Two years ago, a bill with similar goals — it was referred to then as the “forced pooling” bill, a name supporters are trying to avoid this session — died on the last night of the session in a rare tie vote, with liberal Democrats and conservative Republicans opposing it as a violation of private property rights.
Several bills with similar goals have been tossed around this session, but using somewhat different tools and labels than the “forced pooling” bill that went down in 2015. In the Senate, Judiciary Chairman Charles Trump, R-Morgan, had tried to forge a compromise. But the bill presents especially complicated issues about property rights, royalty payments, common law and ongoing litigation, while also generating complex, confusing and often overlapping alliances and rivalries among different mineral and landowner groups, large and small drilling companies, environmentalists and a Farm Bureau lobby that is especially strong in the House.

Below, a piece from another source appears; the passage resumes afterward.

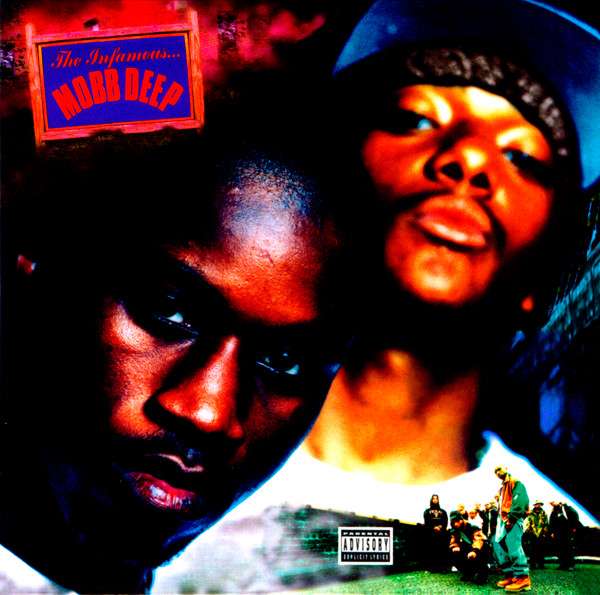 Original Album Classics - Mobb Deep [CD]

Anderson said that he had planned in Energy Committee to strip the bill of its “joint development” or “lease integration” language and move forward with just a bill on co-tenancy.
The co-tenancy part of the bill had more broad support because many parties agree on the notion that a co-owner with a very tiny share of a mineral reserve shouldn’t get to stop the majority of owners from developing that resources.
“This House does not buy into ‘lease integration,’ ” Anderson said. “Many members made that clear to me.”
Even with a co-tenancy only bill, Anderson said he wasn’t sure he had the votes to get the legislation through his committee and onto the floor.